Pedro Costa sabe que o “sonho dos ministros da Cultura, dos institutos e dos festivais de cinema” é que os autores filmem para um público de massas: “Não é o meu mundo, é um ambiente subjugado ao poder, muito dependente do dinheiro e ignorante em matéria de cinema. A colonização americana está consumada, e também os intelectuais portugueses fazem cambalhotas perante as séries da moda e se gabam de nunca ter visto um filme do Manoel de Oliveira.”

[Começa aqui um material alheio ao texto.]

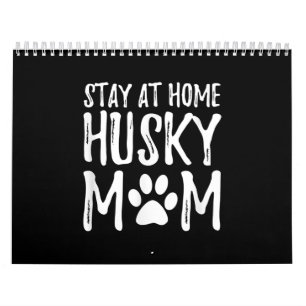 Husky Bleibe Zuhause   Funny Dog Mama Gift Kalender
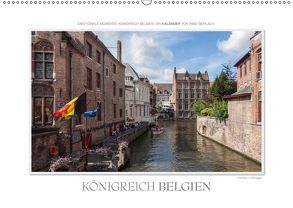 Emotionale Momente: Königreich Belgien (Wandkalender 2018 DIN A2 quer) von Gerlach,  Ingo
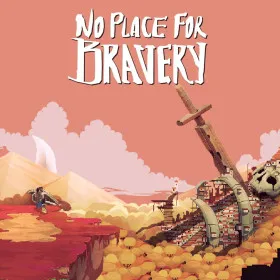Обкладинка гри No Place for Bravery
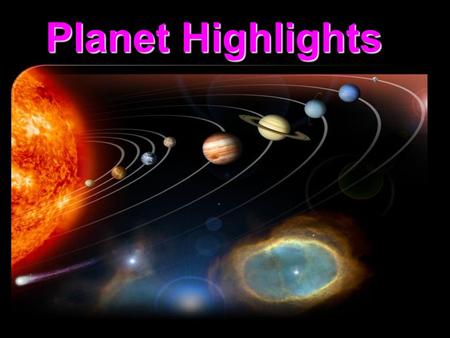 Planet Highlights. Mercury Mercury Highest DensityHighest Density Thinnest AtmosphereThinnest Atmosphere Highest Temperature and Greatest Temperature.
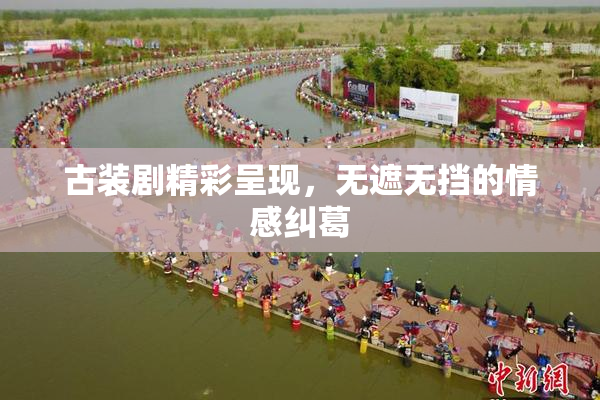 古装剧精彩呈现，无遮无挡的情感纠葛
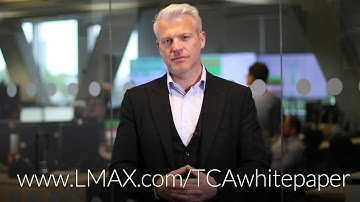 White paper offers new blueprint for TCA in global FX: www.lmax.com/TCAwhitepaper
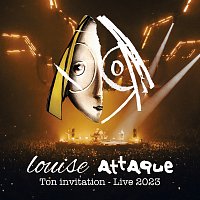 Louise Attaque – Ton invitation [Live 2023]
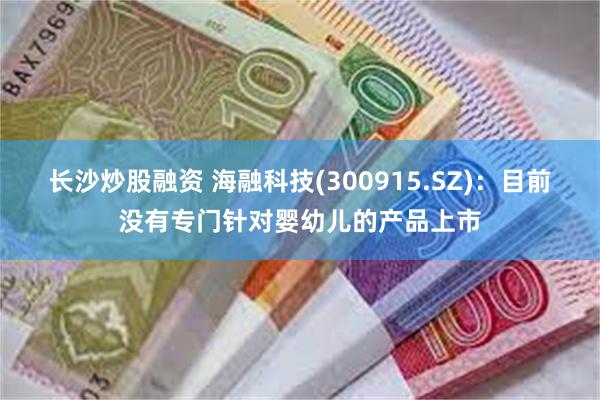长沙炒股融资 海融科技(300915.SZ)：目前没有专门针对婴幼儿的产品上市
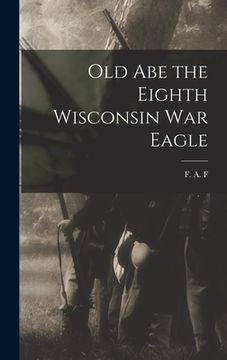 portada Old Abe the Eighth Wisconsin War Eagle (en Inglés)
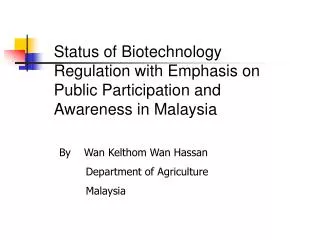 Status of Biotechnology Regulation with Emphasis on Public Participation and Awareness in Malaysia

A culpa é de plataformas como Netflix, Amazon ou Disney, “os grandes magnatas que vão controlar tudo, influenciar o gosto e inflacionar os salários. Oferecem 1.500 euros por semana a um jovem como primeiro assistente de câmara, que não come e trabalha mais de 16 horas diárias. É algo inumano, uma exploração contra a qual lutaram milhões de pessoas com armas e palavras”, afirma Pedro Costa. Em Portugal, explica ao “El País”, “não é raro que os chamados filmes comerciais portugueses tenham entre 7 mil e 10 mil espectadores em 50 ou 60 salas do país. A mim, quando muito, dão-me três ou quatro salas em Lisboa, Porto e pouco mais. Os meus filmes rondam os 5 mil espectadores. No meio desta esquizofrenia, não me posso queixar”.
O bairro das Fontaínhas foi demolido, os seus habitantes realojados. Mas, aos 63 anos, o realizador não voltará a filmar em Lisboa, que considera “uma cidade destruída, rendida ao despropósito e vítima do capitalismo mais selvagem”. Prefere manter a simplicidade: “Quando mostro os meus filmes em Los Angeles, ficam intrigados pelo modo como estão feitos. Digo-lhes sempre que não há segredos, que há uma racionalidade que tem a ver com o que o mundo é e com a eliminação de outras mentiras, como que o cinema é muito caro e que só algumas pessoas com muito talento o podem fazer.” O cineasta, diz Costa, não é um filósofo: “Tem décadas de sedimentação esta ideia de que Takovski, Fellini ou Bergman não são apenas realizadores, mas também mestres de filosofia, política, sociologia, que conseguem ver tudo antes do que os outros. O curioso é que, do meu ponto de vista, estes cineastas filósofos são os menos subversivos e revolucionários. Godard, que morreu há pouco tempo, era um investigador, mas não tinha uma ideia do mundo. Considerava a câmara como um telescópio e um microscópio ao mesmo tempo. Via coisas pequenas que mais ninguém tem paciência para ver.”
“As nossas vidas tornaram-se numa loucura absoluta que nos faz até esquecer os mortos. Mas nós precisamos disso e esse é um trabalho que pode ser feito pelo cinema, o teatro, a música ou a pintura”, conclui Pedro Costa.